Тяжелая жизнь задавленного нуждой уральского горнозаводского населения в пореформенный период интересовала Мамина-Сибиряка со студенческих лет. Еще в 1875 году в письме к отцу он просил собирать факты, характеризующие жизнь "фабричных, рудниковых, беглых, знаменитых разбойников. Словом, всякий факт, резко выделяющийся впереди других, как характеризующий прошлое и настоящее Урала... Также факты встречи малоросов с раскольниками на Урале и первые шаги их взаимной жизни" (Всесоюзная библиотека им. В.И.Ленина).

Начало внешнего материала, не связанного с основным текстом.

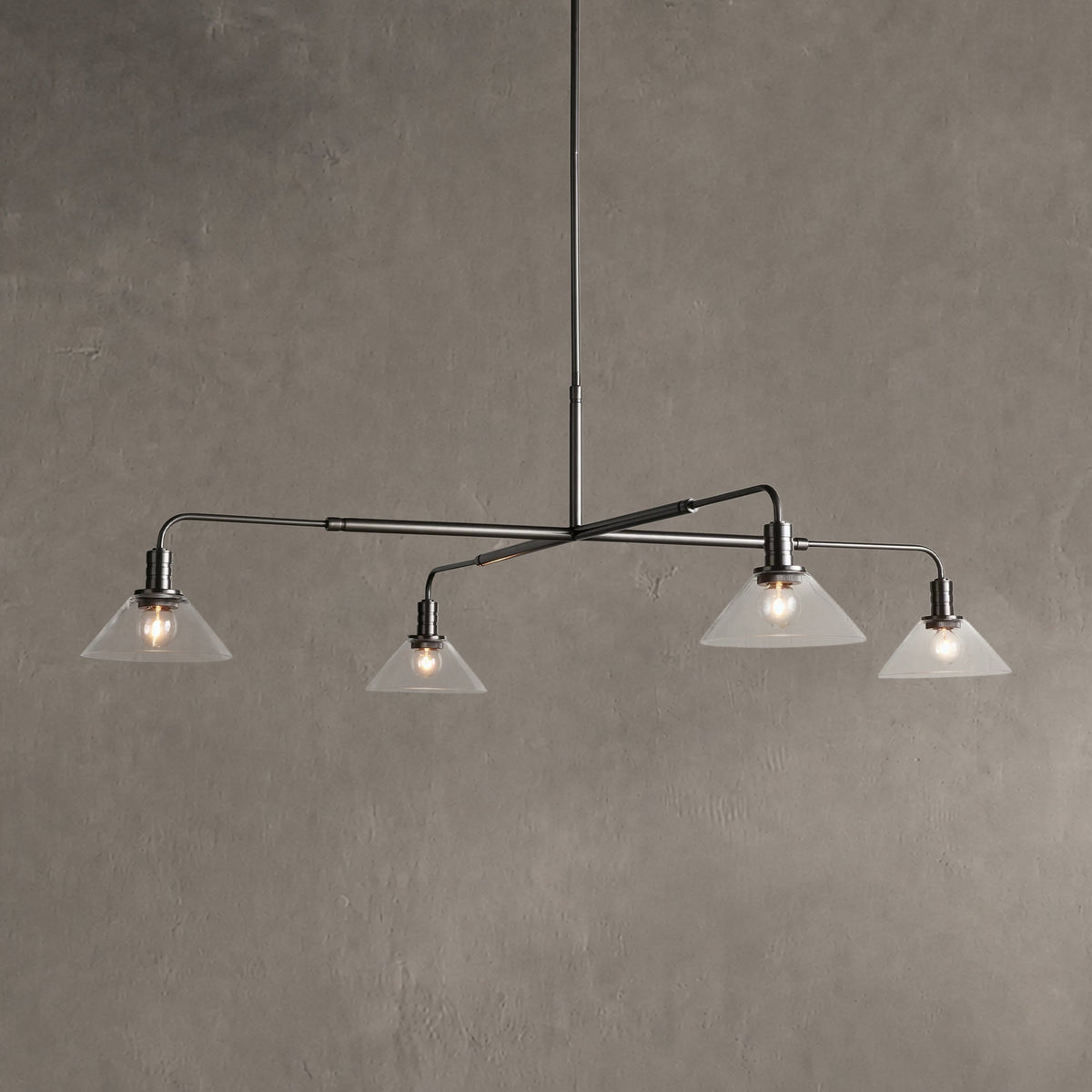 Theron Glass Round Chandelier 30'' 52''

В произведениях 1881-1889 годов - очерках "От Урала до Москвы" (1881-1882), "Сестры" (1881), рассказах "Родительская кровь" (1885), "Самородок" (1888), "Морок" (1888) и других - Мамин-Сибиряк дал замечательные картины горнозаводского быта и создал ряд образов, близких к образам романа "Три конца", однако наиболее полное воплощение этот быт получил лишь в данном произведении, работа над которым была начата в январе 1887 года.
После небольшого перерыва (летом 1887 года) Мамин-Сибиряк, приступив в сентябре того же года к продолжению работы над романом, писал брату Владимиру: "Сейчас пишу "агроматный" роман из заводского быта "На воле" и думаю попытать с ним счастья в "Вестнике Европы" - где наша не пропадала. Работы хватит месяца на три, и вещь выйдет хлесткая" (письмо от 6 сентября 1887 г. - ЦГАЛИ).
Но закончить роман в предполагаемый срок писателю не удалось. Работа была снова прервана, на этот раз, примерно, на половине, что видно из переписки с В.А.Гольцевым, а также из письма к профессору Д.Н.Анучину от 27 сентября 1888 года. "Прошлую осень, - сообщал писатель Д.Н.Анучину, - сидел над романом специально из заводской жизни, но бросил его на половине - кончу когда-нибудь после..." ("Записки отдела рукописей Всесоюзной библиотеки им. В.И.Ленина", вып. 2, 1939.)
В.А.Гольцеву он писал 11 марта 1888 года: "Осенью было начал "агроматнеющий" роман из горнозаводского быта, но засел на второй части - очень уж велик выходит. Десять печатных листов написал и сам испугался. Теперь и не знаю, что делать: то ли продолжать, то ли расколоть его на мелкие части. Мелкие вещи автору писать выгоднее и легче в десять раз, но бывают темы, которых не расколешь, как и настоящая. Дело вот в чем: завод, где я родился и вырос, в этнографическом отношении представляет замечательную картину - половину составляют раскольники-аборигены, одну четверть черниговские хохлы и последнюю четверть туляки. При крепостном праве они не могли слиться, а "на воле" это слияние произошло само собой. Словом, картина любопытная во всех отношениях, тем более что о заводах ничего нет в литературе" ("Архив В.А.Гольцева", т. I, 1914).